Era uma menina. Muito branca, cabelos muito negros, um maiô azul turquesa. - "É, mineiro não sente frio mesmo... quando se vê diante do mar". Foi o que pensei. Mas havia qualquer coisa ali, algo mais que uma mineirinha encantada com o mar. É que ao seu lado, também estava um senhor e logo percebi que os dois executavam gestos iguais como numa coreografia ensaiada. Não resisti ao impulso, saí do carro e fui caminhando lentamente pela calçada, para observar melhor o insólito par.

 

Parei de frente e - como quem não quer nada - fiquei analisando o que acontecia ali, a menos de 10 metros de onde me encontrava. Não demorou muito e entendi. Fiquei emocionada e quase desabei em lágrimas.

 

A pequena aparentava ter uns 8 anos de idade e o senhor ao seu lado uns 35. Pai e filha. A coreografia era de fato um ensaio. Os dois agachados na areia, o pai ensinando à filha, ensaiando com ela, a virar levemente o pescoço, ora para um lado, ora para outro. - O mesmo gesto que eu executara com tanta facilidade. A criança, portadora de grave deficiência motora, estava sendo exercitada pelo pai.

 

A beleza me atingiu. Mas, que beleza? A delicadeza e suavidade com que o pai pacientemente ensinava à sua pequena gestos tão banais.

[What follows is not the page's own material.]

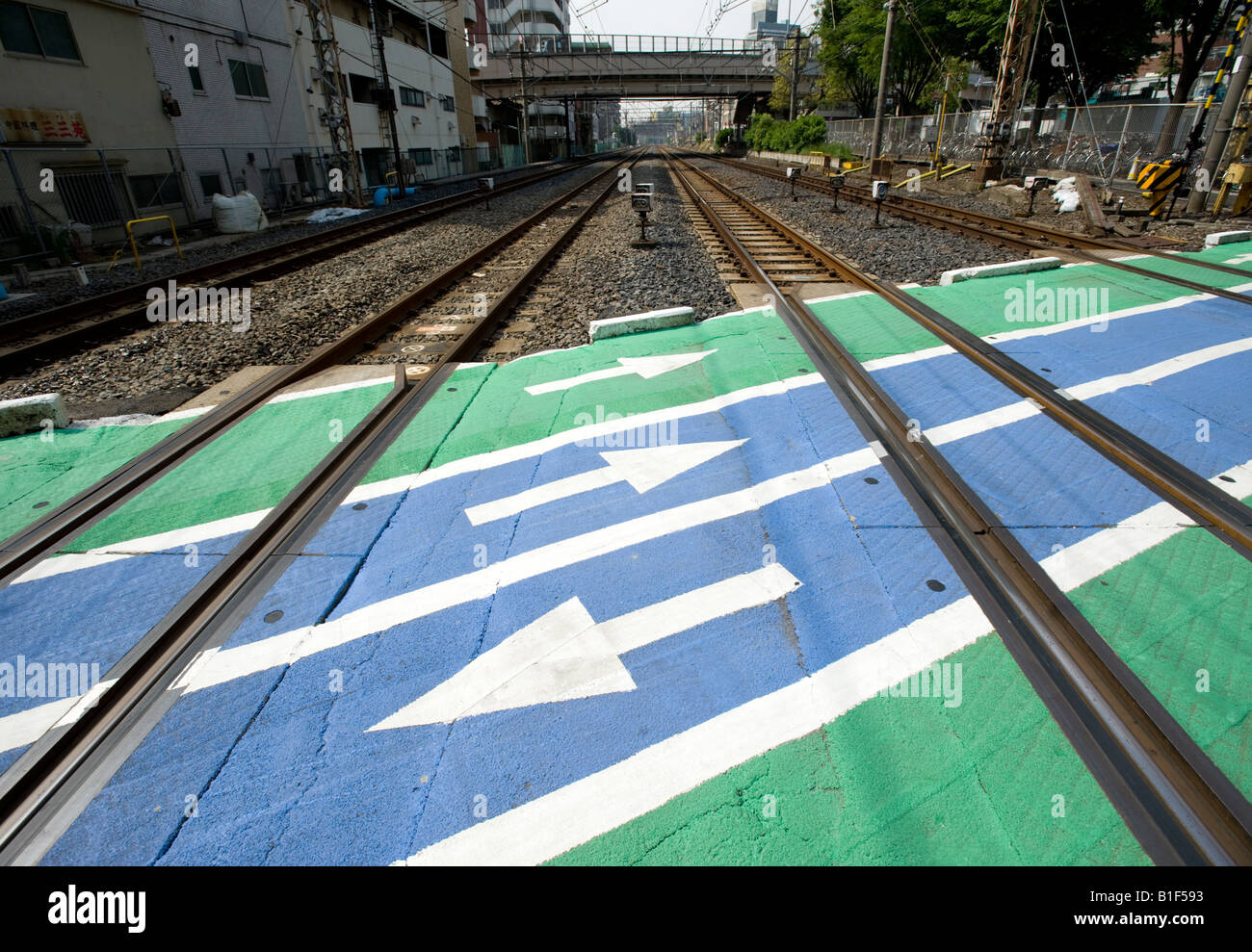 Pedestrian level crossing over commuter railway lines in central Tokyo 2008 Stock Photo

A alegria dos dois, quando a menina completava com muito esforço o gesto de trazer a cabeça para a direita e encontrar bem de cara com o seu pai. Ele a afagava um pouco e dizia entusiasmado: "muito bem, vamos fazer de novo". E riam os dois. E recomeçavam...

 

Teria aquela criança, consciência, da gentileza do seu pai, da ternura que colocava em cada olhar, da alegria que lhe causava cada esforço dela, que o simples gesto dela olhar para o lado era uma vitória extraordinária? Não sei... Com certeza eles se comunicavam, pois havia tanto amor, tanta felicidade nas alegres risadas, ela obedecia tão prontamente à carinhosa voz de comando, que me faz ter a convicção de que ela entendia e agradecia com um esforço maior aos cuidados do pai.

 

Não sei os seus nomes nem voltei a encontrá-los, embora tenha retornado à praia com esse intento mais de uma vez, no horário aproximado daquele dia. O que sei é o que ganhei com os dois. Uma esperança renovada na bondade do ser humano que se revelou para mim de forma inusitada e bela, através da coreografia criada pela linguagem do amor de um pai por sua filha. Que Deus os abençoe. (23.05.1996).